== Problem statement ==
The whole listing must be returned exactly, with no line missing.

== Extracted data ==
________

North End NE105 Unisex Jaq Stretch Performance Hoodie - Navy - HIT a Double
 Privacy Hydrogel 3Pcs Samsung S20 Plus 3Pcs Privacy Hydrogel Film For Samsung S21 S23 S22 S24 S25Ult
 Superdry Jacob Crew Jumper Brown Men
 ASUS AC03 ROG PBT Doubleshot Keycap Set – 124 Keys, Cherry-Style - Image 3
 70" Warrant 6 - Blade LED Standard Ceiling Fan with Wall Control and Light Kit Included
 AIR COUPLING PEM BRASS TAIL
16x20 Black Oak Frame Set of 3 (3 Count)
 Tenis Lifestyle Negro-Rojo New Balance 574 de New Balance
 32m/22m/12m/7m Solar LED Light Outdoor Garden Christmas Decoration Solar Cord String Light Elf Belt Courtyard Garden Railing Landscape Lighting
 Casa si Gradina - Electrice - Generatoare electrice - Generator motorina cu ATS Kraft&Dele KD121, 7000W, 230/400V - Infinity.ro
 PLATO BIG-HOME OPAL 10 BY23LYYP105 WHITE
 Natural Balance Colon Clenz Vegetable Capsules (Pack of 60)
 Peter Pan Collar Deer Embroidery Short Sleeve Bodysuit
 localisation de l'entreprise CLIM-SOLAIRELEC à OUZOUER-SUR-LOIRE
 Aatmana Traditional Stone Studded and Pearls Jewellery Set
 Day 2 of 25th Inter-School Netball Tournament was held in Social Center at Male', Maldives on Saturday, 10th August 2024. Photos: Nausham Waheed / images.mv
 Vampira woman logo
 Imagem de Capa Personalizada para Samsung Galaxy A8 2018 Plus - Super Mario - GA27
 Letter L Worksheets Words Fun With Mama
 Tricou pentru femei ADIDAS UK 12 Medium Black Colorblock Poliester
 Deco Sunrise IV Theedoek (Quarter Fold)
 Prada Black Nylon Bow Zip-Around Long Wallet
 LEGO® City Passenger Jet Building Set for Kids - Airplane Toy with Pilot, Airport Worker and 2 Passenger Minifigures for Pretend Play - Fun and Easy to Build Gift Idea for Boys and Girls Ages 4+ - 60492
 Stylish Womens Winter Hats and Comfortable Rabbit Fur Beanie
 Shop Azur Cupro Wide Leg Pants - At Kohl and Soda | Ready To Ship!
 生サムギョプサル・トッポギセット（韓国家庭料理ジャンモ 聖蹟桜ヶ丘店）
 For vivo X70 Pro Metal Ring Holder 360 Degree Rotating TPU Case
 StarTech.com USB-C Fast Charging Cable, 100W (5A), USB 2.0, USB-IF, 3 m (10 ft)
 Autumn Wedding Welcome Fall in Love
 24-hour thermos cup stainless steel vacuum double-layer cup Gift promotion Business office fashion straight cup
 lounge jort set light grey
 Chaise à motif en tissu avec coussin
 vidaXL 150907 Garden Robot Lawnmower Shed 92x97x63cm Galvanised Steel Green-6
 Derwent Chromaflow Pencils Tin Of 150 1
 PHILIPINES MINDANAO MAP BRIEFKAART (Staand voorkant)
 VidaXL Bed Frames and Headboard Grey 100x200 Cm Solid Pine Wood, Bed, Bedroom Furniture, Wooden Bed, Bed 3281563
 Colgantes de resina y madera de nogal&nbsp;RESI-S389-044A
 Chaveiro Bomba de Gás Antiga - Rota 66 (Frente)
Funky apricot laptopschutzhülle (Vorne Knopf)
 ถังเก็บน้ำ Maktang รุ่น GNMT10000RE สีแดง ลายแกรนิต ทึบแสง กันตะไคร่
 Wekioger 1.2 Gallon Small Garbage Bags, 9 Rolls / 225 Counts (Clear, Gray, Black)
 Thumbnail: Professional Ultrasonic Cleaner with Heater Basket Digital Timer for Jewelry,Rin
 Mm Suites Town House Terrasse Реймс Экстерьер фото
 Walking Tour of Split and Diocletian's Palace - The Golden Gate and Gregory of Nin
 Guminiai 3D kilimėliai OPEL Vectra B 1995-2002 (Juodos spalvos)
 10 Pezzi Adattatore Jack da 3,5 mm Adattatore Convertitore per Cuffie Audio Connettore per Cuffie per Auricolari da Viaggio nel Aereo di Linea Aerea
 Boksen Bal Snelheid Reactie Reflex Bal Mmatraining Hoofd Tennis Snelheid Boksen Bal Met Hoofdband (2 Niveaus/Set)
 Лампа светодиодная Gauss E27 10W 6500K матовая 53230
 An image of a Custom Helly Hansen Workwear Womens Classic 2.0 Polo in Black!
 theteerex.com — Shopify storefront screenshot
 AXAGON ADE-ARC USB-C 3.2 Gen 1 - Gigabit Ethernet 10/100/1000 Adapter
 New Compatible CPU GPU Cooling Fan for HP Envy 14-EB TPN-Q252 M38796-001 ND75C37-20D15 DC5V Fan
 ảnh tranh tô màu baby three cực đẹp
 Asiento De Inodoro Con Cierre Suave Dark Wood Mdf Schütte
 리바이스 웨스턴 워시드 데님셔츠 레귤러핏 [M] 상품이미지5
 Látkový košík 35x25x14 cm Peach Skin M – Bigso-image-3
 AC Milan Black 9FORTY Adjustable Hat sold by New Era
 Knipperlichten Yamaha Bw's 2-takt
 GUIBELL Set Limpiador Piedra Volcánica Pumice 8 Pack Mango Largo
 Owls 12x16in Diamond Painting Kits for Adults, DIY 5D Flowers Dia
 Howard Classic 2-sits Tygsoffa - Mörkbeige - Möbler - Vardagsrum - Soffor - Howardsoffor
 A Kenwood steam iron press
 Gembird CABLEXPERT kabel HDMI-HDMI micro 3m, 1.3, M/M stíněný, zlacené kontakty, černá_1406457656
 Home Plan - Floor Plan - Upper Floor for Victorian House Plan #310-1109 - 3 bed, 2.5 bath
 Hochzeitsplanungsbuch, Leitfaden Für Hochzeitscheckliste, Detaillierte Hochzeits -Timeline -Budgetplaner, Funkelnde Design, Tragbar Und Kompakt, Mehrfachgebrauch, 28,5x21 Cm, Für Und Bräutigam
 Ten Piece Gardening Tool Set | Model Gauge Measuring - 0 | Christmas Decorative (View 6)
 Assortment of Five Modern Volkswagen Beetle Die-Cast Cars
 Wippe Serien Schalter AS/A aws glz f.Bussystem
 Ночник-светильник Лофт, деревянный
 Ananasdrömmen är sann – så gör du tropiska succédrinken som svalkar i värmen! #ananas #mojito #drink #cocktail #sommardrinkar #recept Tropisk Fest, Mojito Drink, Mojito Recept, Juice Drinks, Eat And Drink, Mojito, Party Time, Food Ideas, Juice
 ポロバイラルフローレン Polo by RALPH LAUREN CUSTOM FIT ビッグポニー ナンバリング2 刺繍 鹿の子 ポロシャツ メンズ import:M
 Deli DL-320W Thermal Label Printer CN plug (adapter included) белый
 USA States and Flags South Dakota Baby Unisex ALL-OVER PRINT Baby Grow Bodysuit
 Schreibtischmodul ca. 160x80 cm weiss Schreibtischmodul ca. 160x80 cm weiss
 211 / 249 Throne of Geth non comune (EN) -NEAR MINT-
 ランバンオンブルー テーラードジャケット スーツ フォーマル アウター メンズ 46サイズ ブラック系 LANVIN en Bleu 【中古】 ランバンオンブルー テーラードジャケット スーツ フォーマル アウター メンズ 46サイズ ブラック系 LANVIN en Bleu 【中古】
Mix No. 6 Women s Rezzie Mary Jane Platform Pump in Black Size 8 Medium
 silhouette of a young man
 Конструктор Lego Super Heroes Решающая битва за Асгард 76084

________

== Response to the task ==
North End NE105 Unisex Jaq Stretch Performance Hoodie - Navy - HIT a Double
 Privacy Hydrogel 3Pcs Samsung S20 Plus 3Pcs Privacy Hydrogel Film For Samsung S21 S23 S22 S24 S25Ult
 Superdry Jacob Crew Jumper Brown Men
 ASUS AC03 ROG PBT Doubleshot Keycap Set – 124 Keys, Cherry-Style - Image 3
 70" Warrant 6 - Blade LED Standard Ceiling Fan with Wall Control and Light Kit Included
 AIR COUPLING PEM BRASS TAIL
16x20 Black Oak Frame Set of 3 (3 Count)
 Tenis Lifestyle Negro-Rojo New Balance 574 de New Balance
 32m/22m/12m/7m Solar LED Light Outdoor Garden Christmas Decoration Solar Cord String Light Elf Belt Courtyard Garden Railing Landscape Lighting
 Casa si Gradina - Electrice - Generatoare electrice - Generator motorina cu ATS Kraft&Dele KD121, 7000W, 230/400V - Infinity.ro
 PLATO BIG-HOME OPAL 10 BY23LYYP105 WHITE
 Natural Balance Colon Clenz Vegetable Capsules (Pack of 60)
 Peter Pan Collar Deer Embroidery Short Sleeve Bodysuit
 localisation de l'entreprise CLIM-SOLAIRELEC à OUZOUER-SUR-LOIRE
 Aatmana Traditional Stone Studded and Pearls Jewellery Set
 Day 2 of 25th Inter-School Netball Tournament was held in Social Center at Male', Maldives on Saturday, 10th August 2024. Photos: Nausham Waheed / images.mv
 Vampira woman logo
 Imagem de Capa Personalizada para Samsung Galaxy A8 2018 Plus - Super Mario - GA27
 Letter L Worksheets Words Fun With Mama
 Tricou pentru femei ADIDAS UK 12 Medium Black Colorblock Poliester
 Deco Sunrise IV Theedoek (Quarter Fold)
 Prada Black Nylon Bow Zip-Around Long Wallet
 LEGO® City Passenger Jet Building Set for Kids - Airplane Toy with Pilot, Airport Worker and 2 Passenger Minifigures for Pretend Play - Fun and Easy to Build Gift Idea for Boys and Girls Ages 4+ - 60492
 Stylish Womens Winter Hats and Comfortable Rabbit Fur Beanie
 Shop Azur Cupro Wide Leg Pants - At Kohl and Soda | Ready To Ship!
 生サムギョプサル・トッポギセット（韓国家庭料理ジャンモ 聖蹟桜ヶ丘店）
 For vivo X70 Pro Metal Ring Holder 360 Degree Rotating TPU Case
 StarTech.com USB-C Fast Charging Cable, 100W (5A), USB 2.0, USB-IF, 3 m (10 ft)
 Autumn Wedding Welcome Fall in Love
 24-hour thermos cup stainless steel vacuum double-layer cup Gift promotion Business office fashion straight cup
 lounge jort set light grey
 Chaise à motif en tissu avec coussin
 vidaXL 150907 Garden Robot Lawnmower Shed 92x97x63cm Galvanised Steel Green-6
 Derwent Chromaflow Pencils Tin Of 150 1
 PHILIPINES MINDANAO MAP BRIEFKAART (Staand voorkant)
 VidaXL Bed Frames and Headboard Grey 100x200 Cm Solid Pine Wood, Bed, Bedroom Furniture, Wooden Bed, Bed 3281563
 Colgantes de resina y madera de nogal&nbsp;RESI-S389-044A
 Chaveiro Bomba de Gás Antiga - Rota 66 (Frente)
Funky apricot laptopschutzhülle (Vorne Knopf)
 ถังเก็บน้ำ Maktang รุ่น GNMT10000RE สีแดง ลายแกรนิต ทึบแสง กันตะไคร่
 Wekioger 1.2 Gallon Small Garbage Bags, 9 Rolls / 225 Counts (Clear, Gray, Black)
 Thumbnail: Professional Ultrasonic Cleaner with Heater Basket Digital Timer for Jewelry,Rin
 Mm Suites Town House Terrasse Реймс Экстерьер фото
 Walking Tour of Split and Diocletian's Palace - The Golden Gate and Gregory of Nin
 Guminiai 3D kilimėliai OPEL Vectra B 1995-2002 (Juodos spalvos)
 10 Pezzi Adattatore Jack da 3,5 mm Adattatore Convertitore per Cuffie Audio Connettore per Cuffie per Auricolari da Viaggio nel Aereo di Linea Aerea
 Boksen Bal Snelheid Reactie Reflex Bal Mmatraining Hoofd Tennis Snelheid Boksen Bal Met Hoofdband (2 Niveaus/Set)
 Лампа светодиодная Gauss E27 10W 6500K матовая 53230
 An image of a Custom Helly Hansen Workwear Womens Classic 2.0 Polo in Black!
 theteerex.com — Shopify storefront screenshot
 AXAGON ADE-ARC USB-C 3.2 Gen 1 - Gigabit Ethernet 10/100/1000 Adapter
 New Compatible CPU GPU Cooling Fan for HP Envy 14-EB TPN-Q252 M38796-001 ND75C37-20D15 DC5V Fan
 ảnh tranh tô màu baby three cực đẹp
 Asiento De Inodoro Con Cierre Suave Dark Wood Mdf Schütte
 리바이스 웨스턴 워시드 데님셔츠 레귤러핏 [M] 상품이미지5
 Látkový košík 35x25x14 cm Peach Skin M – Bigso-image-3
 AC Milan Black 9FORTY Adjustable Hat sold by New Era
 Knipperlichten Yamaha Bw's 2-takt
 GUIBELL Set Limpiador Piedra Volcánica Pumice 8 Pack Mango Largo
 Owls 12x16in Diamond Painting Kits for Adults, DIY 5D Flowers Dia
 Howard Classic 2-sits Tygsoffa - Mörkbeige - Möbler - Vardagsrum - Soffor - Howardsoffor
 A Kenwood steam iron press
 Gembird CABLEXPERT kabel HDMI-HDMI micro 3m, 1.3, M/M stíněný, zlacené kontakty, černá_1406457656
 Home Plan - Floor Plan - Upper Floor for Victorian House Plan #310-1109 - 3 bed, 2.5 bath
 Hochzeitsplanungsbuch, Leitfaden Für Hochzeitscheckliste, Detaillierte Hochzeits -Timeline -Budgetplaner, Funkelnde Design, Tragbar Und Kompakt, Mehrfachgebrauch, 28,5x21 Cm, Für Und Bräutigam
 Ten Piece Gardening Tool Set | Model Gauge Measuring - 0 | Christmas Decorative (View 6)
 Assortment of Five Modern Volkswagen Beetle Die-Cast Cars
 Wippe Serien Schalter AS/A aws glz f.Bussystem
 Ночник-светильник Лофт, деревянный
 Ananasdrömmen är sann – så gör du tropiska succédrinken som svalkar i värmen! #ananas #mojito #drink #cocktail #sommardrinkar #recept Tropisk Fest, Mojito Drink, Mojito Recept, Juice Drinks, Eat And Drink, Mojito, Party Time, Food Ideas, Juice
 ポロバイラルフローレン Polo by RALPH LAUREN CUSTOM FIT ビッグポニー ナンバリング2 刺繍 鹿の子 ポロシャツ メンズ import:M
 Deli DL-320W Thermal Label Printer CN plug (adapter included) белый
 USA States and Flags South Dakota Baby Unisex ALL-OVER PRINT Baby Grow Bodysuit
 Schreibtischmodul ca. 160x80 cm weiss Schreibtischmodul ca. 160x80 cm weiss
 211 / 249 Throne of Geth non comune (EN) -NEAR MINT-
 ランバンオンブルー テーラードジャケット スーツ フォーマル アウター メンズ 46サイズ ブラック系 LANVIN en Bleu 【中古】 ランバンオンブルー テーラードジャケット スーツ フォーマル アウター メンズ 46サイズ ブラック系 LANVIN en Bleu 【中古】
Mix No. 6 Women s Rezzie Mary Jane Platform Pump in Black Size 8 Medium
 silhouette of a young man
 Конструктор Lego Super Heroes Решающая битва за Асгард 76084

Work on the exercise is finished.